#### YOUR INSTRUCTIONS:
Please copy, exactly and with no pictures, only the lines from the one containing "Peugeot 3008 BlueHDi 130 S&S Allure" through the last line of the records.

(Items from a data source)
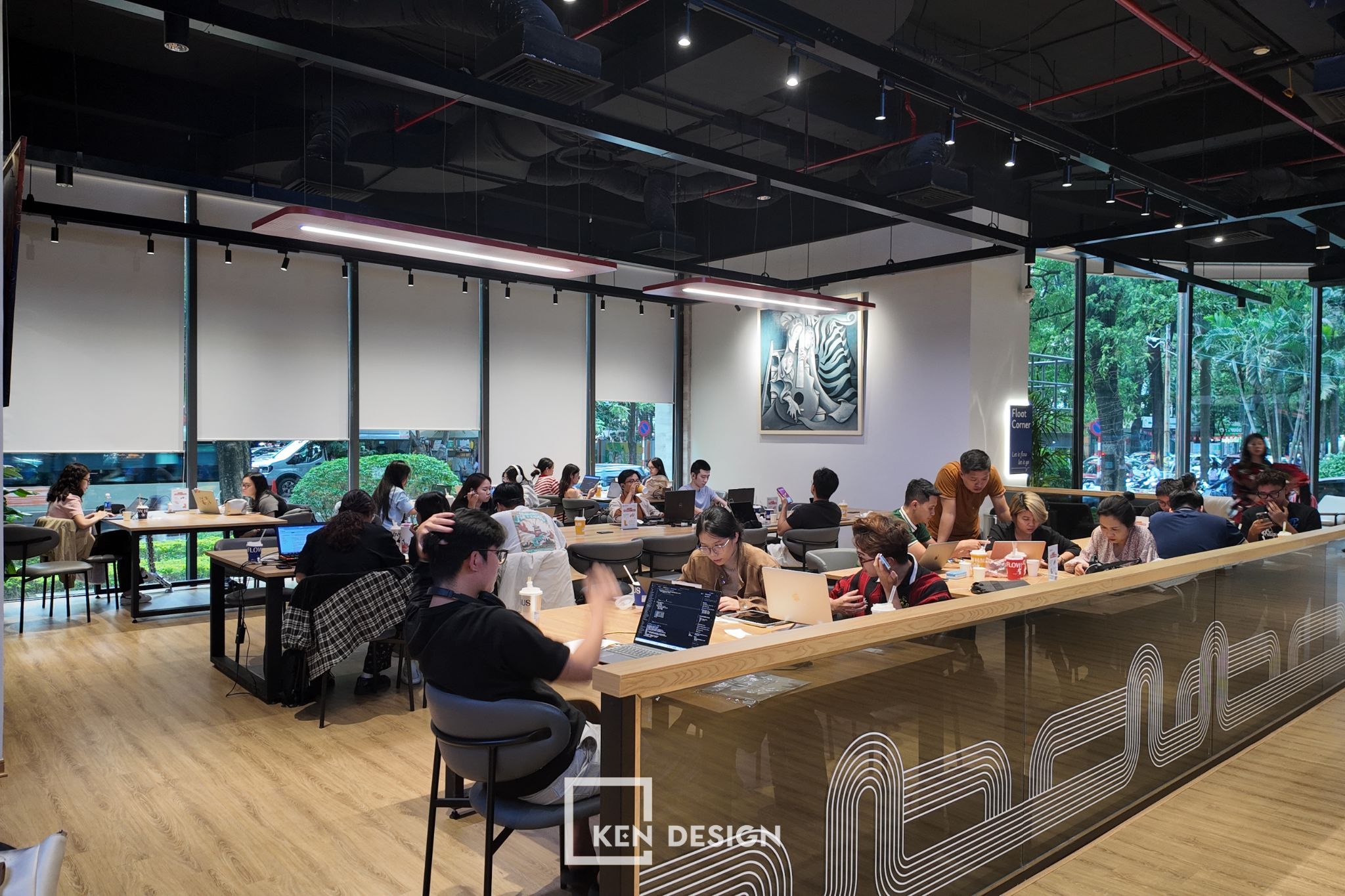 Kinh nghiệm mở quán cafe 24h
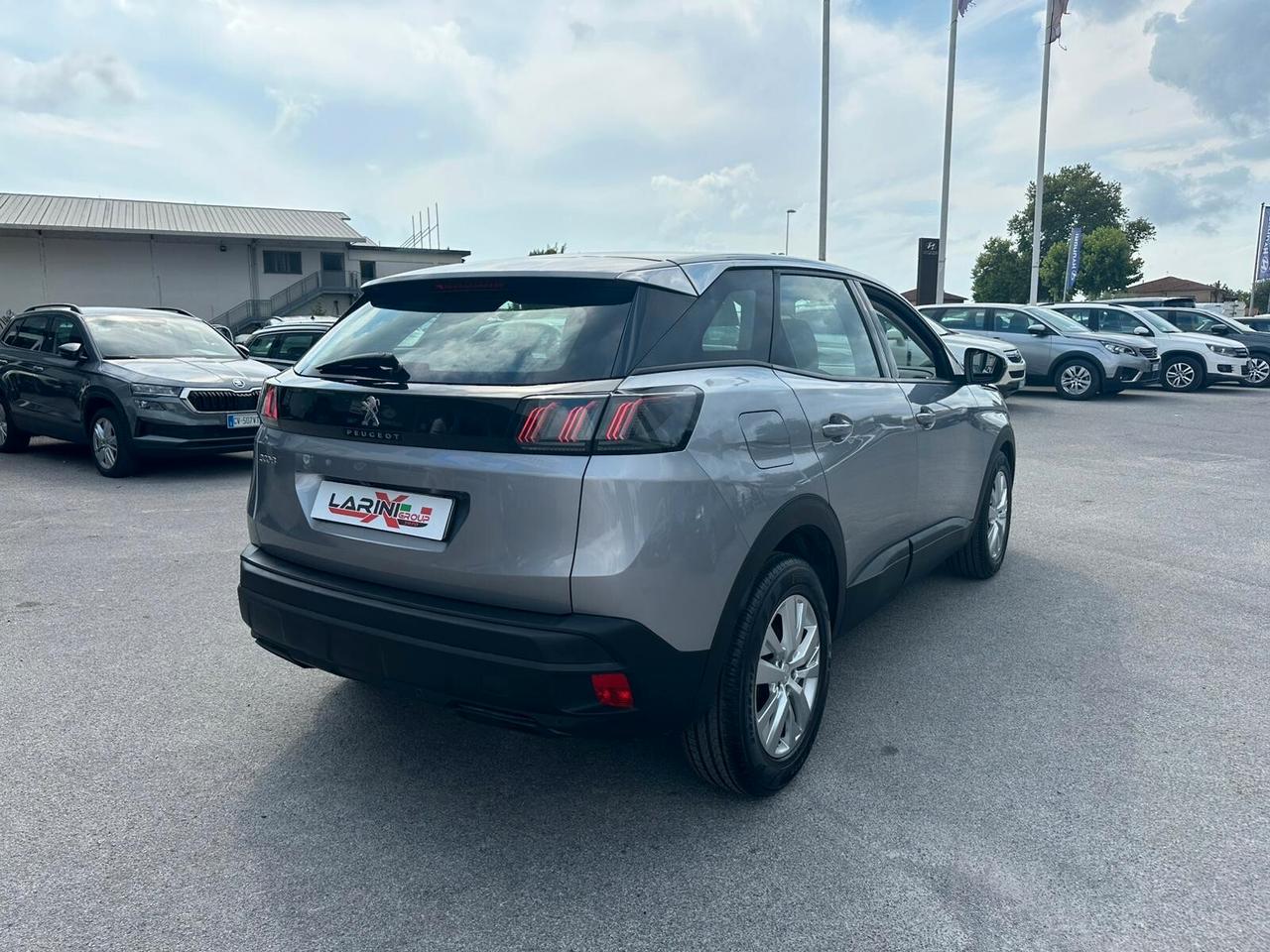Peugeot 3008 BlueHDi 130 S&S Allure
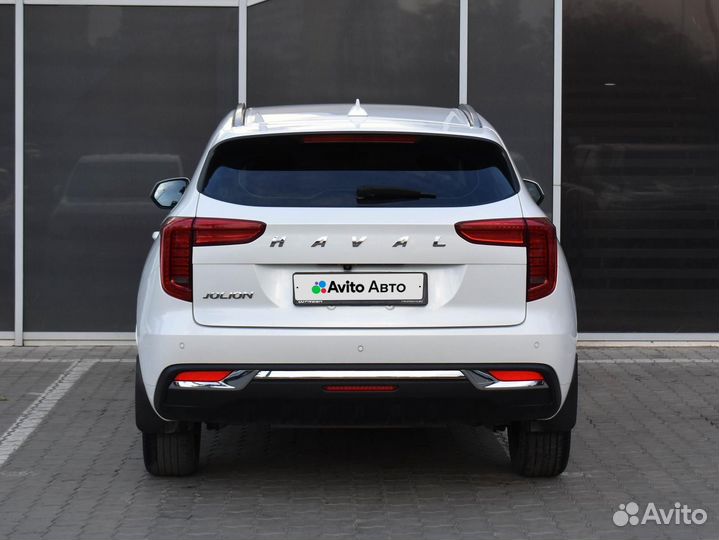 Haval Jolion 1.5 AMT, 2022, 54 853 км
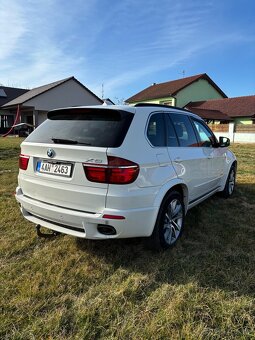 BMW X5 e70 3.0D Mpacket XDrive 180kw +DPH - 6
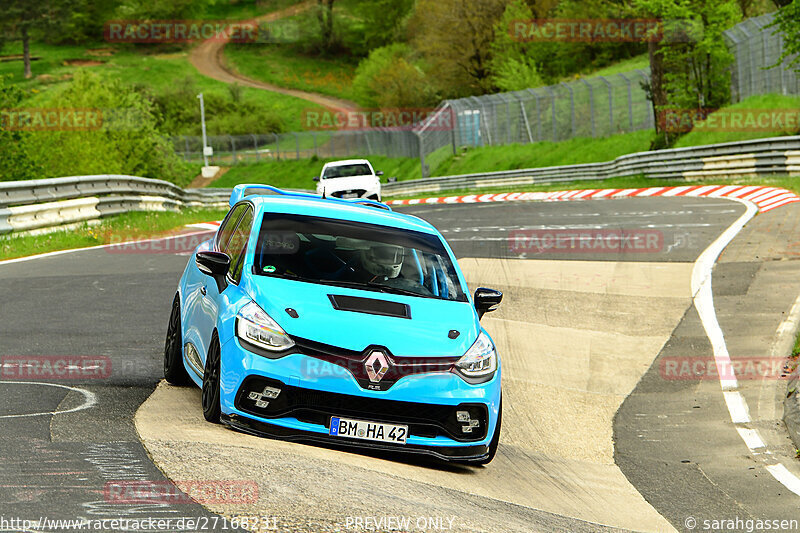 Bild #27168231 - Touristenfahrten Nürburgring Nordschleife (05.05.2024)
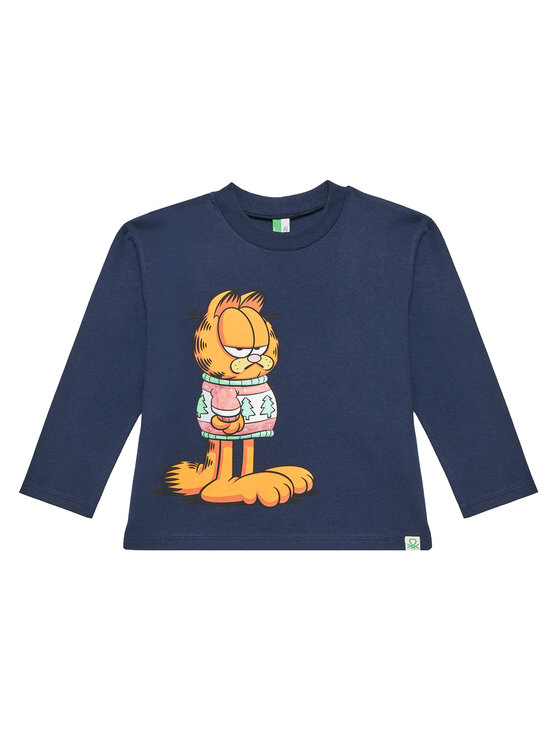 United Colors Of Benetton United Colors Of Benetton Piżama 37MW0P07T Granatowy Regular Fit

#### WORKED SOLUTION:
Peugeot 3008 BlueHDi 130 S&S Allure
 Haval Jolion 1.5 AMT, 2022, 54 853 км
 BMW X5 e70 3.0D Mpacket XDrive 180kw +DPH - 6
 Bild #27168231 - Touristenfahrten Nürburgring Nordschleife (05.05.2024)
 United Colors Of Benetton United Colors Of Benetton Piżama 37MW0P07T Granatowy Regular Fit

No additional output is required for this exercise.